Na confusão de conceitos que existe a respeito das drogas, muitas pessoas entendem que esta posição deve ser igual para as demais “drogas”, chamadas de legais, como álcool e cigarro. É evidente que todas “fazem mal” e, ao mesmo tempo, devem ser legais apesar disso. Mas entender que todas estas mercadorias são iguais é um grande erro! Porque este conceito de “todas são drogas” é construído socialmente pela burguesia e não tem nada de científico. Como são dezenas de propriedades, princípios ativos e formas diferentes de consumo, o agrupamento possível das tais “drogas” seria infinito. Então, para nós, revolucionários, a classificação que mais nos interessa, de classe, deve fazer com que o critério seja o de grau de dano à luta revolucionária, medido em termos de, se é um estado passageiro ou não, e se envolve alienação e distorção da consciência.

Usando-se este critério, o cigarro e demais produtos do tabaco fazem mal para a saúde, podem viciar, mas, no que interessa, não afetam a percepção da consciência dos trabalhadores. O álcool afeta a consciência de maneira bem clara, sem dúvida alienando o trabalhador. E as chamadas “drogas ilegais” agem no Sistema Nervoso Central, provocando danos irreversíveis.

É por isso que devemos, na medida do possível, tentar ganhar os trabalhadores para romperem com todos seus vícios e dedicarem toda sua saúde, nitidez de pensamento, recursos e tempo, para lutar para transformar sua realidade. Mas, dentro dos vícios, é evidente que há muitas graduações e as drogas, principalmente as mais “potentes” como o crack e a cocaína são verdadeiras máquinas de destruir trabalhadores.
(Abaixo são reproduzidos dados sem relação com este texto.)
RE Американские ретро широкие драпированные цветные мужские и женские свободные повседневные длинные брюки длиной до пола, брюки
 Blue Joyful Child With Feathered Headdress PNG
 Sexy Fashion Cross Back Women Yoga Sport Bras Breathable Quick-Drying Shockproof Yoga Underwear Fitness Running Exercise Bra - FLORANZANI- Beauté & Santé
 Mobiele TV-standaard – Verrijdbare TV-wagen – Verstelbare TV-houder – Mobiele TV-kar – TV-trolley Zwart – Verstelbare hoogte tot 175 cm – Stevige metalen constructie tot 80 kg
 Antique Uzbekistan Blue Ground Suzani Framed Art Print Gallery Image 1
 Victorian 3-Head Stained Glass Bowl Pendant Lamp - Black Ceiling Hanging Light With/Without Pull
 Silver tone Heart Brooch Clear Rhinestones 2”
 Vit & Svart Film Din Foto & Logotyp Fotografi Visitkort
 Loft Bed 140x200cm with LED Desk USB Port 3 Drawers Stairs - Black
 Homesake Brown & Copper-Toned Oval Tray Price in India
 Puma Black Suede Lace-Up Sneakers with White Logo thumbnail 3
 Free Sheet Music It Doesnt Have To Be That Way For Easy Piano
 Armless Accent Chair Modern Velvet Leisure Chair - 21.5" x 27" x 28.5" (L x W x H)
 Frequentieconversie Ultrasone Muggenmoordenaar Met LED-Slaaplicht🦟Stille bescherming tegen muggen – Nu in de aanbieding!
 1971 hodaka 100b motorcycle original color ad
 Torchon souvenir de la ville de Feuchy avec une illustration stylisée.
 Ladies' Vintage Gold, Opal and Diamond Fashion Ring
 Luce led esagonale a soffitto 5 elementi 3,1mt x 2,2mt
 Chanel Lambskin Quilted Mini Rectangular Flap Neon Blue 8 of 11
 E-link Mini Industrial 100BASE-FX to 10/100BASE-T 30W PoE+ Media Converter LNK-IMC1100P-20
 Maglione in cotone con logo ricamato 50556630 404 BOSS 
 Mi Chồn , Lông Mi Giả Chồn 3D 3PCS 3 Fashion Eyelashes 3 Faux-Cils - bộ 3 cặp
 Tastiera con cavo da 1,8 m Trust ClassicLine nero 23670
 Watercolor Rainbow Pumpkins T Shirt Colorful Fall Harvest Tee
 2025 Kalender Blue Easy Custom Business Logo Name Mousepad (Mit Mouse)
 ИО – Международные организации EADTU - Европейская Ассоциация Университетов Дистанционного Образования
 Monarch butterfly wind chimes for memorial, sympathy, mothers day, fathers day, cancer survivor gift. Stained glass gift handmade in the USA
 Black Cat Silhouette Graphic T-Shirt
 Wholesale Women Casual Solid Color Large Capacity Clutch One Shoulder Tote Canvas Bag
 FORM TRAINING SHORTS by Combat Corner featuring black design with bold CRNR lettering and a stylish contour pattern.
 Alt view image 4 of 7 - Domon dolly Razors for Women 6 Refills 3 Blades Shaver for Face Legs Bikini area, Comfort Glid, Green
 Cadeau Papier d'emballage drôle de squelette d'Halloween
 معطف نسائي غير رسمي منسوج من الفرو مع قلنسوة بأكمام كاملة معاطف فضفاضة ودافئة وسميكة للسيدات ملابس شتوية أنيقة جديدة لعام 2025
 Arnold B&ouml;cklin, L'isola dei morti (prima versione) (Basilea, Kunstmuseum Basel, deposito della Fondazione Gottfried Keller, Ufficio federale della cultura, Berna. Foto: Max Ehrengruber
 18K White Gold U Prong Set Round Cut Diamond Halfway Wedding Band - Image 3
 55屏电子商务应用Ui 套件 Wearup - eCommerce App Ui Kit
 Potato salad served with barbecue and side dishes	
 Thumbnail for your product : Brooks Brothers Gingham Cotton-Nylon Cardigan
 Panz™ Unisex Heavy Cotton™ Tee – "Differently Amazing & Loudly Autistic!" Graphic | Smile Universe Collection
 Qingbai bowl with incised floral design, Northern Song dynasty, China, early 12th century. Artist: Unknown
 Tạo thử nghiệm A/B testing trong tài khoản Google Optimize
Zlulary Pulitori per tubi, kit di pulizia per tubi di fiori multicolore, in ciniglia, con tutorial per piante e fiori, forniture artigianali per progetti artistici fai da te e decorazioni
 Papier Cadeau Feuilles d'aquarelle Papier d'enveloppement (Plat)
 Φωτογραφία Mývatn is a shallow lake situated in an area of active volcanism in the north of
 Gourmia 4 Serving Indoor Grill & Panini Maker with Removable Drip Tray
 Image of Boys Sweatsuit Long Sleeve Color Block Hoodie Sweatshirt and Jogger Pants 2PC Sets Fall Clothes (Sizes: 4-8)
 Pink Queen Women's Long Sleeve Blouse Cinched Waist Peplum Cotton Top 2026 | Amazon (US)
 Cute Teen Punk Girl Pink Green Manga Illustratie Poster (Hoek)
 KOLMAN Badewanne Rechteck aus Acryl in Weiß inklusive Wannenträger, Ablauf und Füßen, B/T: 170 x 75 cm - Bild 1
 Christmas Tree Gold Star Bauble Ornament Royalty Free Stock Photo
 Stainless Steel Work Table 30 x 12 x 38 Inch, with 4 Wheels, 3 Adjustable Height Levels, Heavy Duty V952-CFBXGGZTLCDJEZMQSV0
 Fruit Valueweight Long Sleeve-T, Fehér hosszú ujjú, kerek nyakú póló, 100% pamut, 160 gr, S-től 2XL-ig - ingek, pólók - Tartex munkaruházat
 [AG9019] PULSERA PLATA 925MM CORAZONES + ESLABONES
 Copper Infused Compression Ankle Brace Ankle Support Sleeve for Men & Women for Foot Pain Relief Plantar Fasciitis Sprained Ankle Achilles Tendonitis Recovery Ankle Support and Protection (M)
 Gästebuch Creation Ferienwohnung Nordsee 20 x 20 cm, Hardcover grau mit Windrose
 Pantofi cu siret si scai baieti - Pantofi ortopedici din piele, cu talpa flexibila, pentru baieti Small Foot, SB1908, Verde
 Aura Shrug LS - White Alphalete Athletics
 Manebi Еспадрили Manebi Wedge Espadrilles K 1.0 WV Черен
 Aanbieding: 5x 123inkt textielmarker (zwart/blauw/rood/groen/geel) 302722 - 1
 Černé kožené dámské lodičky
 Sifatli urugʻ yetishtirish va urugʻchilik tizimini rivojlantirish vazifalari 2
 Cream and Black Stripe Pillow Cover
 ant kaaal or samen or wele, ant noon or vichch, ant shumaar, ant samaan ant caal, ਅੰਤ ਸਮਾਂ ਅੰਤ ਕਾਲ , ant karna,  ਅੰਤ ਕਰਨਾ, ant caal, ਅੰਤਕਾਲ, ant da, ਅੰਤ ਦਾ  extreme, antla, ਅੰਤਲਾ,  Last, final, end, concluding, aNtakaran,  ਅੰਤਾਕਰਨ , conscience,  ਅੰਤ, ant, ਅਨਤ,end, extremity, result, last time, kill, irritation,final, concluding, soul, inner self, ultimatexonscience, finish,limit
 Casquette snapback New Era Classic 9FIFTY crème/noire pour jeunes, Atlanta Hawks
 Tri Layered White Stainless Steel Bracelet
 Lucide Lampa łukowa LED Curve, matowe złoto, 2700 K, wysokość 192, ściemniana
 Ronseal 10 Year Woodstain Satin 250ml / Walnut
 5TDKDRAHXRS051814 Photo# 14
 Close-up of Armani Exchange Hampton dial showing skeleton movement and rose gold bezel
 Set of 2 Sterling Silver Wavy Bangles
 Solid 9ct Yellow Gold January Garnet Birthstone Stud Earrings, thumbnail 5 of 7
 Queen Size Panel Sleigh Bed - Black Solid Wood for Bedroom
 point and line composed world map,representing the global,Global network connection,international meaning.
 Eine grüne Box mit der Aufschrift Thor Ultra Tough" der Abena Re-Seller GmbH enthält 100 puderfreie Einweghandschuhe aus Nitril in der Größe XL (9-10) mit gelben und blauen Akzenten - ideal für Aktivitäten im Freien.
Quanto à questão econômica, ao contrário do que pensa parte do “senso comum”, os traficantes não representam um “Estado paralelo”, como se eles estivesse à margem do capitalismo e das instituições burguesas. Na verdade, o tráfico de drogas é apenas mais um ramo de negócios dentro do capitalismo, regido pelas mesmas leis econômicas e controlado pela mesma classe social, a burguesia.

Da mesma maneira, o tráfico tem seus representantes no Judiciário, no parlamento e nos governos. A diferença é que a venda de drogas é um negócio que não paga imposto, tem uma lucratividade gigantesca, não é submetida a nenhum controle sanitário ou de qualidade, nem tampouco há direitos trabalhistas para a mão de obra que explora. O crime envolvido nesse meio, em particular os incontáveis assassinatos, ocorre exatamente pela disputa de um negócio tão bom para a burguesia, que briga entre si para ver quem vai controlá-lo e ganhar a sua parte.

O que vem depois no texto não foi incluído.